(Entries taken from a collection)
━━━━

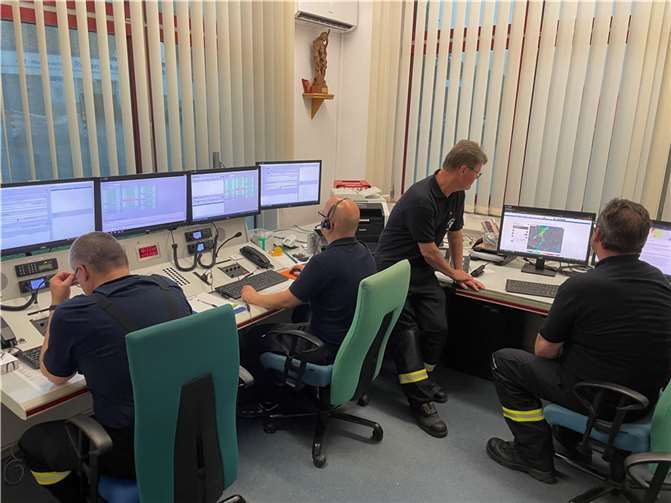 Unwetterwarnungen an der Ahr: „Feuerwehr ist auf alles vorbereitet“ Blick in die Einsatzzentrale im Feuerwehrhaus auf der Heerstraße.. Foto: ROB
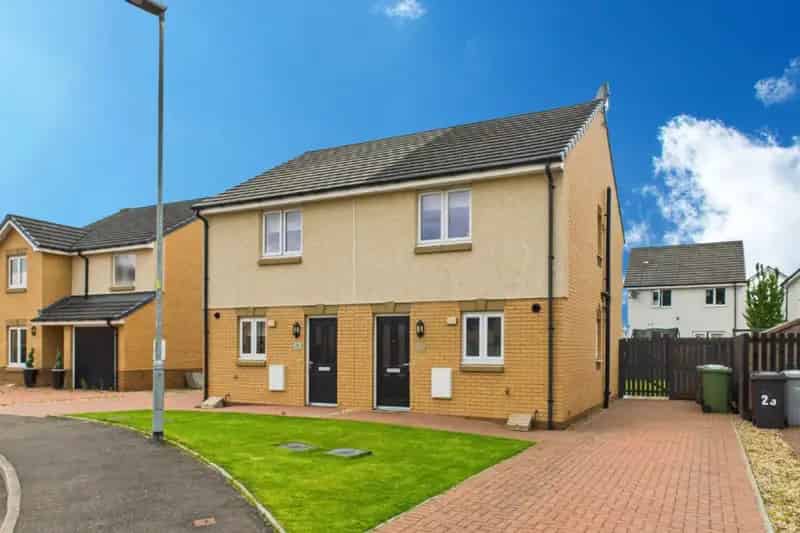 2 Bedroom Semi Detached House to Rent Cambuslang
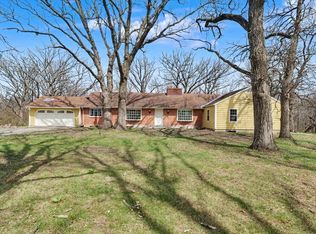 404 Oak Dr, Roberts, IL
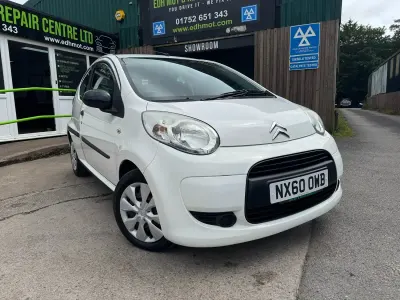 Used Citroën C1 68 HP (50 kW) 2010 White Hatchback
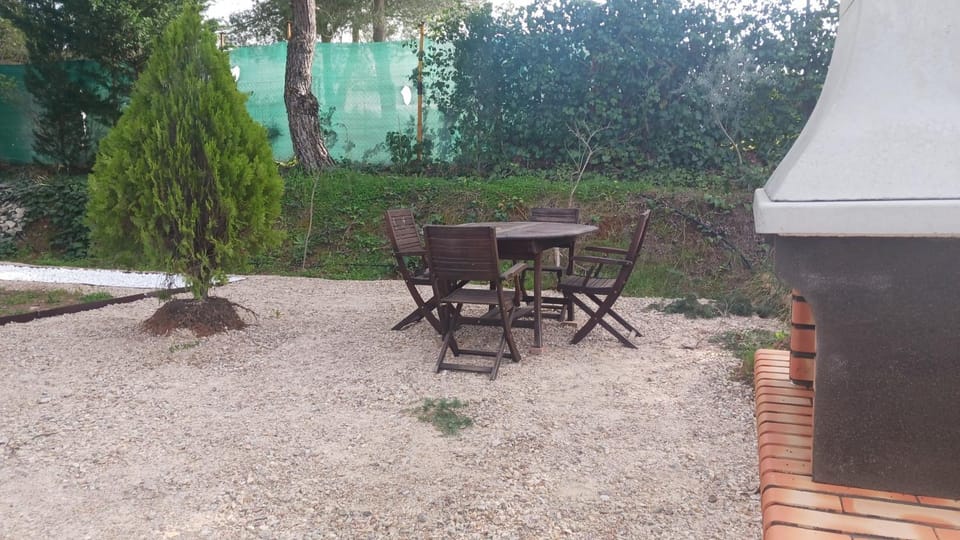 Patio, Dining area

━━━━

- [REQUIREMENT]
Both the line containing "2 Bedroom Semi" and the last line of the records above belong in the exact copy, along with every line between them; pictures do not.

- [RESPONSE BOX]
 2 Bedroom Semi Detached House to Rent Cambuslang
 404 Oak Dr, Roberts, IL
 Used Citroën C1 68 HP (50 kW) 2010 White Hatchback
 Patio, Dining area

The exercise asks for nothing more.